_Your goal_
Pictures stay out of the copy, which must hold exactly the lines from the one containing "hands with sweet" through the end of the material below.

*** Given information Section Begins ***

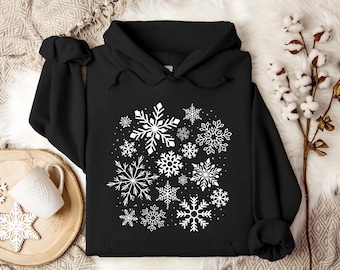 May include: Black hooded sweatshirt with a white snowflake design. The snowflakes are arranged in a cluster on the front of the sweatshirt.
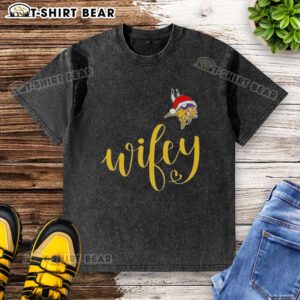Pretty Wifey Minnesota Vikings Santa Hat Merry Christmas washed t-shirt featuring festive design and team colors.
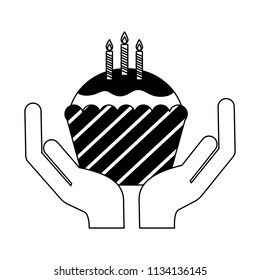 hands with sweet cupcake and candles isolated icon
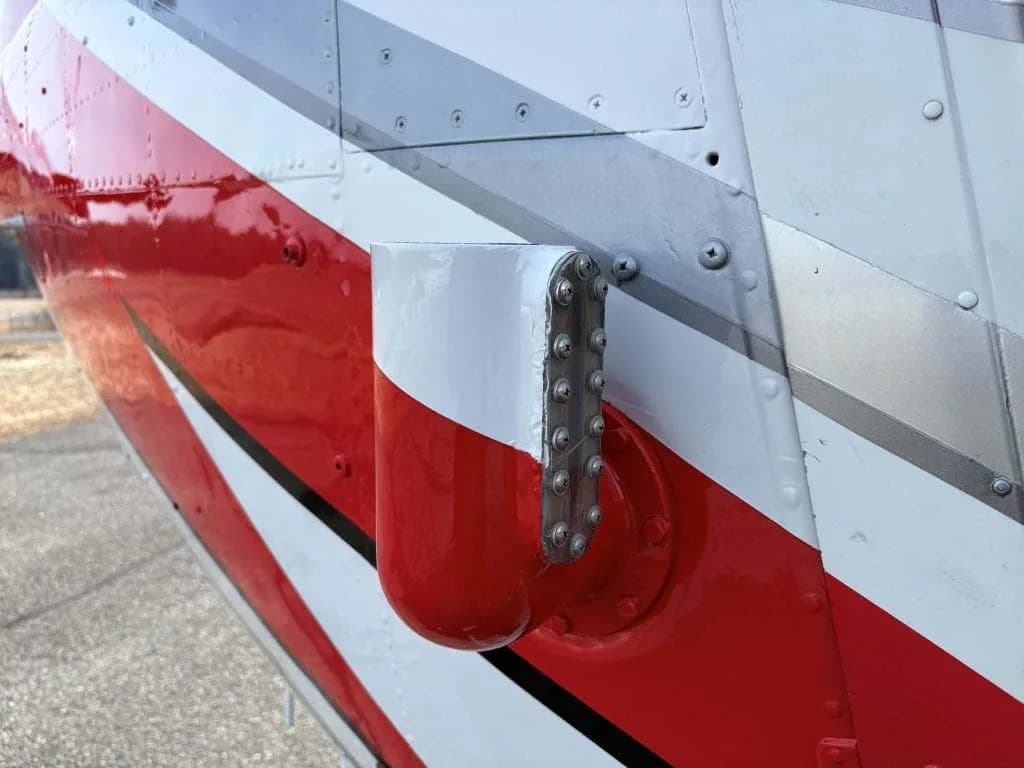 A close-up of a red, white, and black painted helicopter fuselage showing a small external component.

*** Given information Section Ends ***

_Solution to this problem_
 hands with sweet cupcake and candles isolated icon
 A close-up of a red, white, and black painted helicopter fuselage showing a small external component.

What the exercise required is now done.